Question

An alkene X (C\(_4\)H\(_8\)) exhibits geometrical isomerism. Oxidation of X with KMnO\(_4\)/H\(^+\) gave Y. On heating sodium salt of Y with a mixture of NaOH and CaO gave Z. What is Z?

• A. CH\(_3\)CH\(_3\)
• B. CH\(_3\)CH\(_2\)CH\(_3\)
• C. CH\(_3\)CH\(_2\)CH\(_2\)CH\(_3\)
• D. CH\(_4\)

Hint:

The decarboxylation reaction removes a carbon atom from a carboxylic acid, producing an alkane.

Answer 1

The Correct Option is D

An alkene that exhibits geometrical isomerism must have a carbon-carbon double bond, with each of the two carbons in the double bond attached to two different groups.

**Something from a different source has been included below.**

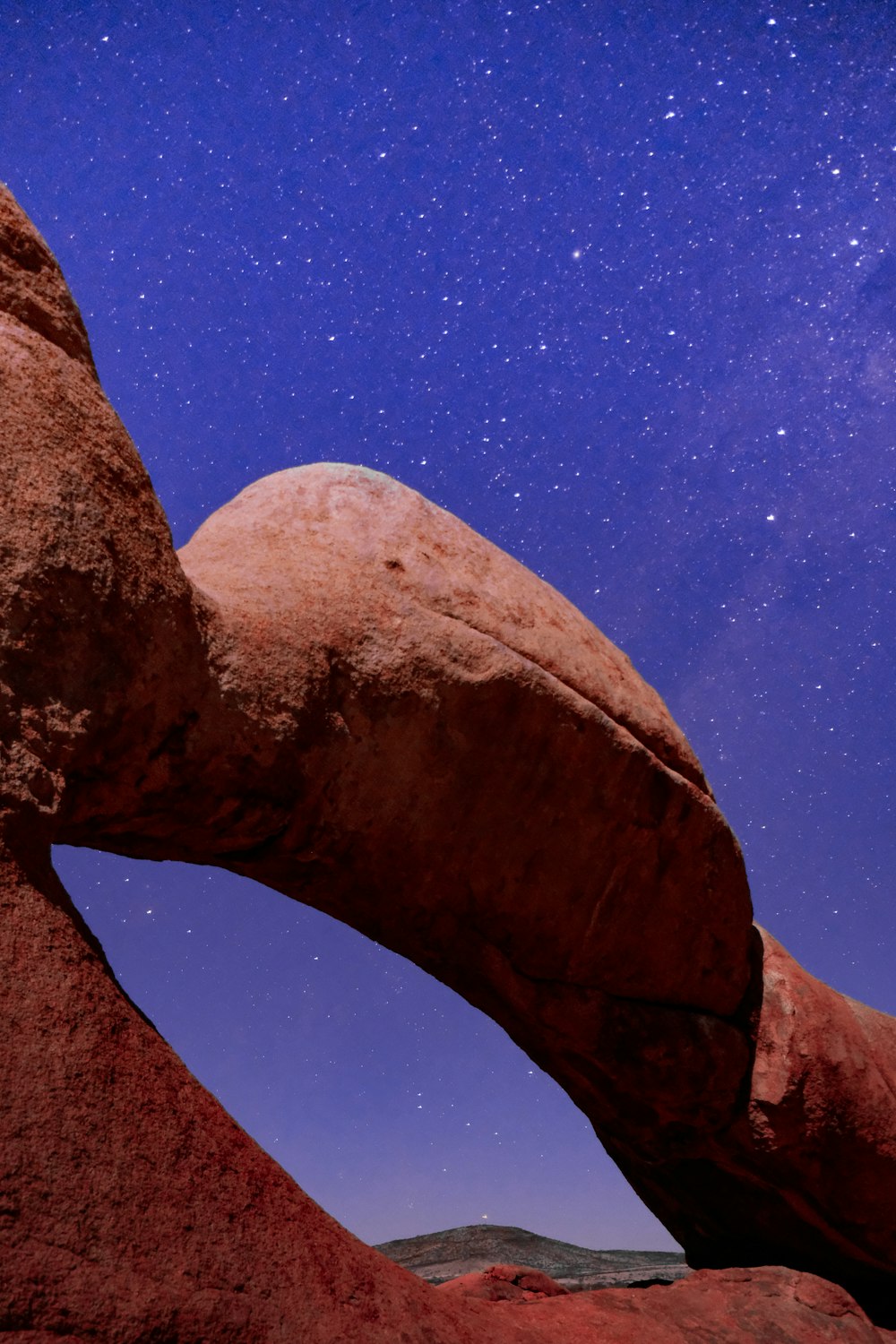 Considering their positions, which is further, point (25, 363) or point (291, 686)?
point (291, 686)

Of the alkenes with formula C\(_4\)H\(_8\), only 2-butene exhibits geometrical isomerism: \[\text{CH}_3 \text{CH} = \text{CHCH}_3.\]Oxidation of an alkene with KMnO\(_4\)/H\(^+\) cleaves the double bond, and converts each carbon in the double bond to a carbonyl group. Thus, Y is \[\text{CH}_3 \text{COOH}.\]Heating the sodium salt of a carboxylic acid with a mixture of NaOH and CaO produces an alkane with one fewer carbon atom. This reaction is called the decarboxylation reaction. Thus, Z is CH\(_4\).